There is also a long term danger in arming and deploying men as soldiers that are not of one’s race. Homer Plessy was from the community of mixed-race people who had lived in New Orleans since the time of the French colonial settlements. They’d never been slaves — some even owned slaves — and their militia was employed by Andrew Jackson in the 1815 Battle of New Orleans against the British.
A little military service goes a long way, and being the descendants of veterans of a famous battle also goes a long way. It was the French Free People of Color who were most willing to go along with Albion Tourgée’s desegregation schemes. Had the community of Free People of Color been small and disconnected from any other African group, they’d be as beloved as Gurkhas in Britain, but this isn’t the case. New Orleans’s mixed-race Free People of Color group is connected to America’s wider Sub-Saharan population. That population has historical grievances against whites and they are dangerous to themselves and others.
One thing about Judge Harlan. He wrote the dissenting opinion on Plessy, but he worked against non-white immigration and non-Nordic immigration his entire life. One thing I’ve noticed since becoming a white advocate is that white supporters of one race, like Harlan supporting Negroes, often have a deep antipathy towards some other group. It is a thing to keep in mind when white advocates get involved in lawmaking in the future. Such people can be available for deal-making and compromise.

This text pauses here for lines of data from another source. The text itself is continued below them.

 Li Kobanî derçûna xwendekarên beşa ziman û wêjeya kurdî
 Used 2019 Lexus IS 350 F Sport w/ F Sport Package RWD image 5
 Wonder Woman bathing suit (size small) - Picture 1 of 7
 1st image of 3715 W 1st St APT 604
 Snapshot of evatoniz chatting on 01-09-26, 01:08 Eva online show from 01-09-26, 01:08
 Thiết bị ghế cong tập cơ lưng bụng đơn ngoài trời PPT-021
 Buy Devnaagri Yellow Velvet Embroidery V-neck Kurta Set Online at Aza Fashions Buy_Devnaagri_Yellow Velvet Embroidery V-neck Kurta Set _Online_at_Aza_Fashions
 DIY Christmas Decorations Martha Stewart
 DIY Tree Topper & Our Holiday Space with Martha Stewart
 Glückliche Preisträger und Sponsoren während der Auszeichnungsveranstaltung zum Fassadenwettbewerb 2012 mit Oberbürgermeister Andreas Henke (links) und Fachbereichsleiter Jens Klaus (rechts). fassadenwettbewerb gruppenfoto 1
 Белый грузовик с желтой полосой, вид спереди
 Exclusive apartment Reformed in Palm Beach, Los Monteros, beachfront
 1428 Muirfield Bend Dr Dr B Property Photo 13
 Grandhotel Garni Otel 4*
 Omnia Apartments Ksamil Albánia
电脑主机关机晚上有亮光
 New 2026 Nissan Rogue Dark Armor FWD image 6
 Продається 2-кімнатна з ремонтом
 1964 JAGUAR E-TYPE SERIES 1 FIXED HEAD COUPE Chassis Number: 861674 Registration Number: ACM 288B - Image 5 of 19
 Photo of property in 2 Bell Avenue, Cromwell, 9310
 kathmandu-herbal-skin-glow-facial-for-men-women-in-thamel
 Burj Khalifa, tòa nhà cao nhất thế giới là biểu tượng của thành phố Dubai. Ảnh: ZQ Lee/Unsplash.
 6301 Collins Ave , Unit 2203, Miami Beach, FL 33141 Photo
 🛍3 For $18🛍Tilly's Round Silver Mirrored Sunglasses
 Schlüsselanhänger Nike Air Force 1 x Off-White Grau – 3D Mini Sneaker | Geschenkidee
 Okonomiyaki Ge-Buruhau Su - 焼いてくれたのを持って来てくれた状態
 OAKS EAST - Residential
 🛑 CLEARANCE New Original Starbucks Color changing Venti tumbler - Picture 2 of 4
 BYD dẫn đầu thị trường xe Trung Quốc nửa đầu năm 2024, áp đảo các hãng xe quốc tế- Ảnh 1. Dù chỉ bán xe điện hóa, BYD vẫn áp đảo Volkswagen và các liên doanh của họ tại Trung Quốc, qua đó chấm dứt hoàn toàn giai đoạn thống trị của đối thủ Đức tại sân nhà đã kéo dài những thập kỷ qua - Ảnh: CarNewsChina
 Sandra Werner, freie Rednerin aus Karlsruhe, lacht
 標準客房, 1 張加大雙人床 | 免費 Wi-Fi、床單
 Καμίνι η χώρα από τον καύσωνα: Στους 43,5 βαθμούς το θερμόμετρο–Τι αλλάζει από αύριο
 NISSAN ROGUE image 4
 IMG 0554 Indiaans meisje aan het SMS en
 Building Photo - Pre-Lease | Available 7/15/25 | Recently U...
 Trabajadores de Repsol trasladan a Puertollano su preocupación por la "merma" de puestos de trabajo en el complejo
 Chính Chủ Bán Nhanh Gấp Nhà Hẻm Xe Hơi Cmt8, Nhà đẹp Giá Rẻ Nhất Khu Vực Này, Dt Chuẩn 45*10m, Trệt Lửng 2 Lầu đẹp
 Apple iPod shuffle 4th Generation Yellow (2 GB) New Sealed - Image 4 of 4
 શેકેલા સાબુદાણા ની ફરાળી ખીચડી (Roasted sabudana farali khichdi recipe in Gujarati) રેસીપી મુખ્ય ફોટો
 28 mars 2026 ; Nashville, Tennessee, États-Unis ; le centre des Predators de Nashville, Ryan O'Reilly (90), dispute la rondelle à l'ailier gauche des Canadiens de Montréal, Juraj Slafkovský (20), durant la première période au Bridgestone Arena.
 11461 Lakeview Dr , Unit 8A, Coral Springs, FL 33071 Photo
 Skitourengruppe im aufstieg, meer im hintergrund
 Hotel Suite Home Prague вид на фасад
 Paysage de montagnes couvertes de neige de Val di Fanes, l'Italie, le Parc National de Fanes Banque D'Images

The Reverend Doctor Martin Luther King Jr. probably plagiarized or was told to say by his Jewish handlers that “[he was] convinced that men hate each other because they fear each other. They fear each other because they don’t know each other, and they don’t know each other because they don’t communicate with each other, and they don’t communicate with each other because they are separated from each other.”
Indeed, the book under review starts off with this passage, and King’s drivel was used to fight segregation in the 1950s, but like all things related to “civil rights,” the data is misread. Segregation came about because the white and Sub-Saharan races were communicating and did know each other. Whites understood then and still know now that blacks are dangerous. Segregation keeps the danger down and civilization on track.
It should be pointed out that desegregation as a policy could only be enacted after the private automobile and a large road network came online. A desegregated public transport system is a dangerous place. Africans on public transportation are unpleasant, loud, menacing, and rude. Desegregation should thus be seen as a luxury requiring private transportation and large public prisons where Sub-Saharans can be warehoused.